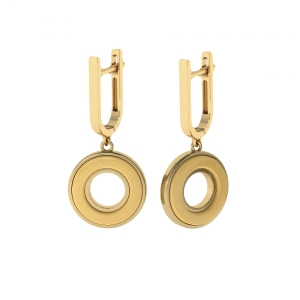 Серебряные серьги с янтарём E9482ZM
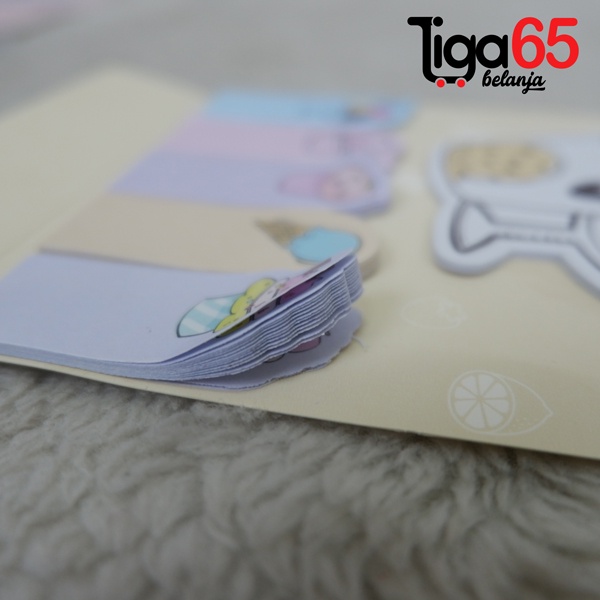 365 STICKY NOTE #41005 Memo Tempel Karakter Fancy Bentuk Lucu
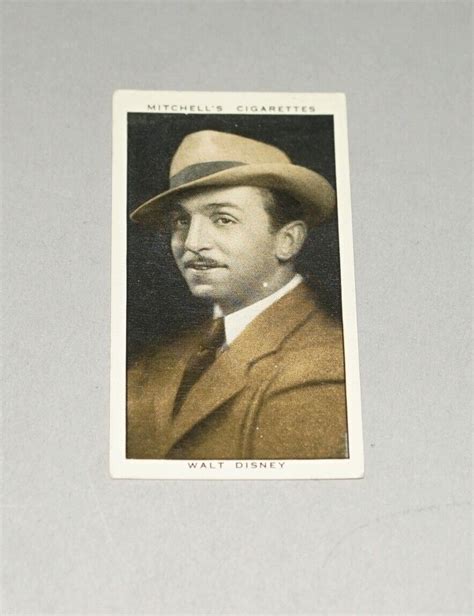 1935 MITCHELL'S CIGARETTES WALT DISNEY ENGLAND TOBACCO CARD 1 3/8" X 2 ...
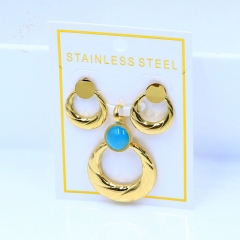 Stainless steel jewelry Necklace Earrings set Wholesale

--

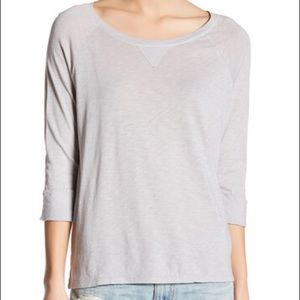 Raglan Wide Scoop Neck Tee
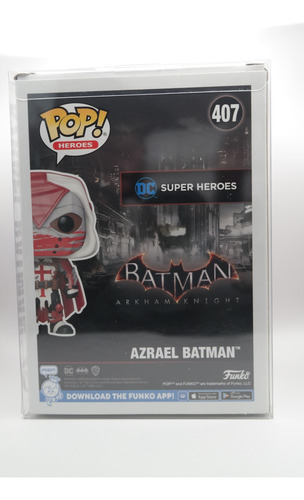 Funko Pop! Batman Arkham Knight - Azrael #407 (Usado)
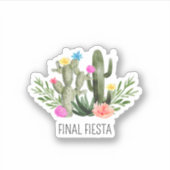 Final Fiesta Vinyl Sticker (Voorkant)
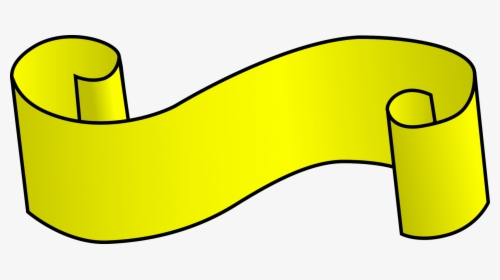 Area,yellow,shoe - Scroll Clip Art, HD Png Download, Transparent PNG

● What this task involves
Going by the data above, give back only the lines from the one containing "365 STICKY NOTE" through the one containing "Stainless steel jewelry", exactly as they stand, both ends included and no images.

● Answer for the task
 365 STICKY NOTE #41005 Memo Tempel Karakter Fancy Bentuk Lucu
 1935 MITCHELL'S CIGARETTES WALT DISNEY ENGLAND TOBACCO CARD 1 3/8" X 2 ...
 Stainless steel jewelry Necklace Earrings set Wholesale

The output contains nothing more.